一方で、創価学会はかつての勢いが失われたと指摘されて久しい。国政選挙での公明党の得票数は減少傾向が続いており、「財務」と呼ばれる学会への寄付も以前ほど集まらなくなっている。
特集「宗教を問う」の第5回は、創価学会に関する著作もあるジャーナリストの高橋篤史氏が、学会が直面する課題を伝える。

「今度、そちらの選挙区でうちの◎◎××というのが、出るんですけどぉ、是非お願いしますぅ」

国政選挙の前になると筆者の元には、ある年配の創価学会の女性会員から必ず投票依頼の電話がかかってくる。かつて全国婦人部長も務めた古参の大物学会員だ。

依頼されてもそのとおりに投票したことなどないと、それとなく伝えるのだが、それでも選挙前には必ず電話が入る。これが世に言う「F取り」である。「F」とはフレンド、つまりは友人への投票依頼を指す学会用語だ。
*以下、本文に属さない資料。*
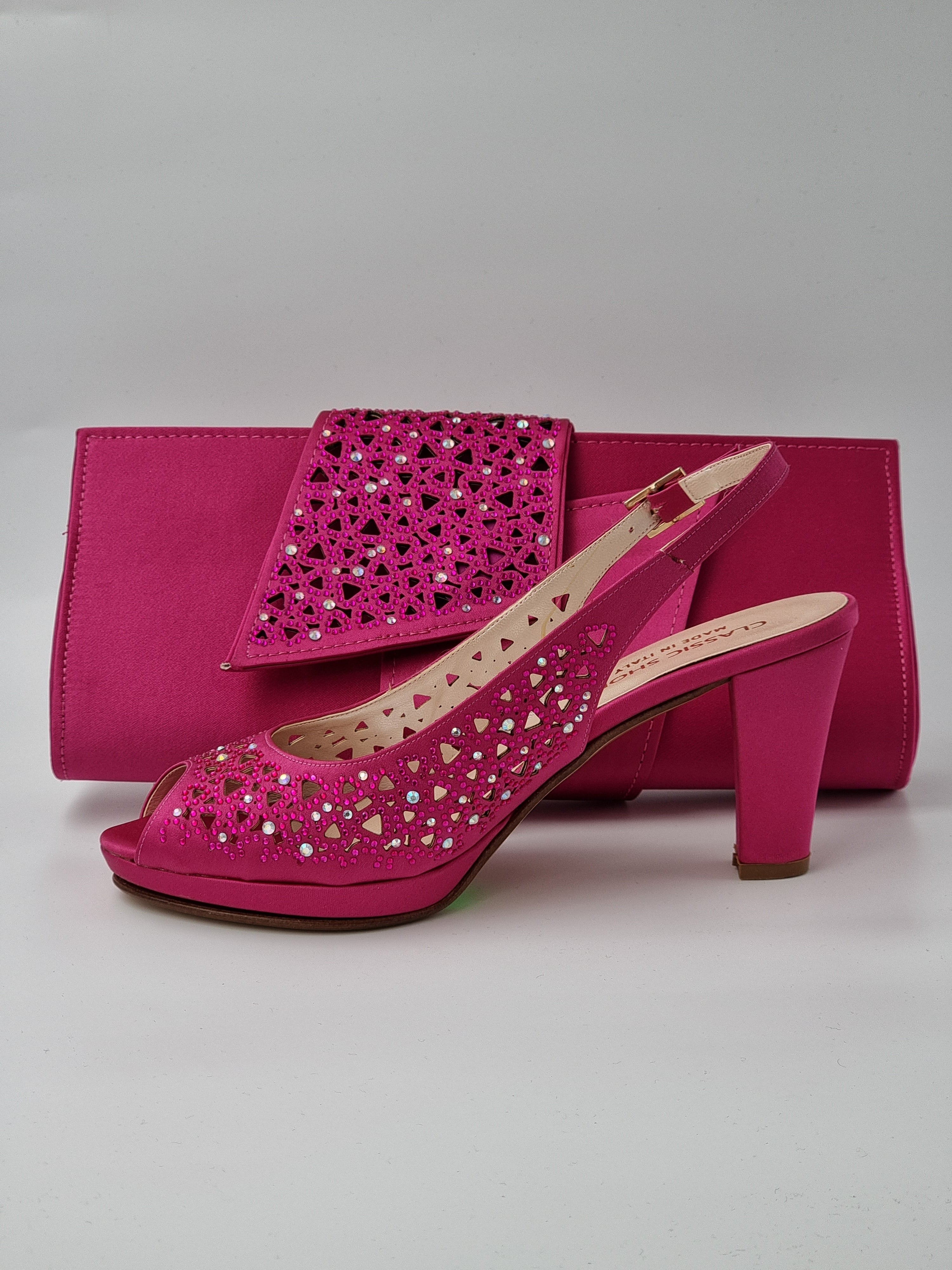 Fuchsia Pink Laser Cut Medium - Classic Shoes London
創価学会の組織的な選挙活動が論じられるとき、とりわけ主婦層の学会員が熱心に取り組む、このF取りが引き合いに出される。もっとも、「男子部」(おおむね30代以下)の時代に選挙活動で前線指揮を執った50代の元活動家によれば、それは「勢いのバロメーター」にすぎないらしい。筆者への依頼のように票に結びつかないことが大半で、当てにならないからだ。学会の緻密かつ強力な選挙活動は、むしろほかの点が重視されているのが本当のところだ。

選挙の半年前には、現地に「裏選対」を設置

おおまかな日程があらかじめ決まっている参議院選挙や統一地方選挙の場合、学会の選挙活動は半年前には水面下で動き出している。候補者事務所の近くに「企画室」と呼ばれる「裏選対」がまず立ち上げられるのだ。

学会はことのほか政教一致批判に神経質。だから全国で千数百カ所ある会館を選挙活動に使うことはない。候補者事務所で学会員の組織活動が目立つのも御法度だ。そのため雑居ビルの1室などを借り、そこを拠点とする。
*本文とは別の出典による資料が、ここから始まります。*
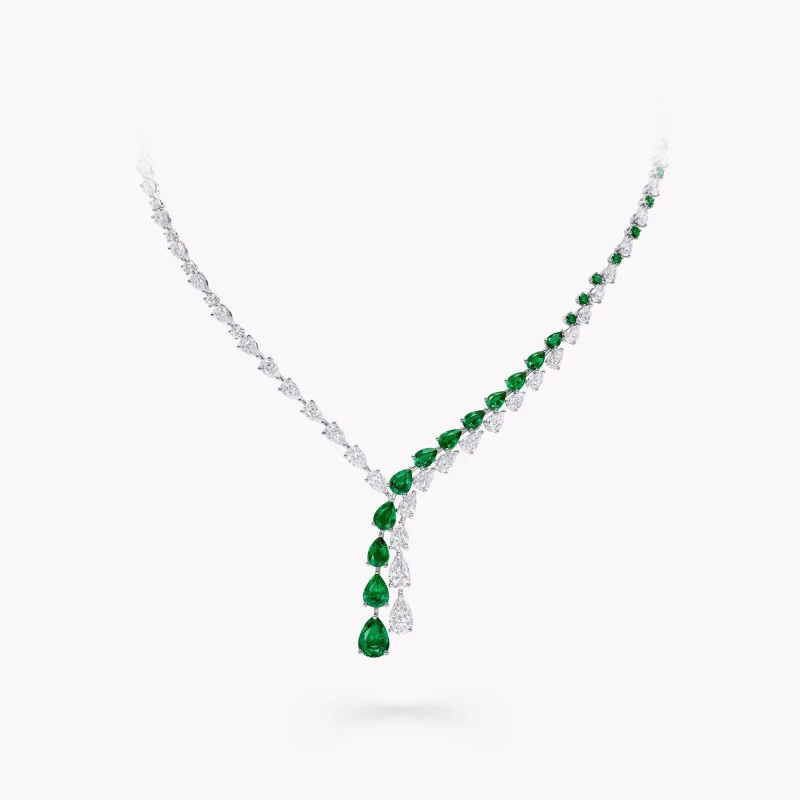 Graff Pear Shape Emerald and Diamond Set RGN1090 2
企画室には学会本部から職員が責任者として派遣され、地元幹部が集められる。活動の最初は「ZU台帳」の整備だ。「ZU」とは「全有権者」を指し、まずは選挙区内の学会員世帯すべてがリストアップされる。学会の地元組織は「統監カード」と呼ばれるものを常備しており、学会員の氏名や住所、家族構成などを把握している。これがZU台帳の大本となる。

票固めは「NU」から着手される。「内部有権者」、つまりは学会員そのものだ。次は「GU」である。「外部有権者」のことで、学会員世帯のうち未入会者を指す。NUの中でも活動家とそうでない者は区別され、活動家は「K」と略称される。その者がF取りをすれば、「マルK」に格上げとなる。こうやって学会は票を固めていく。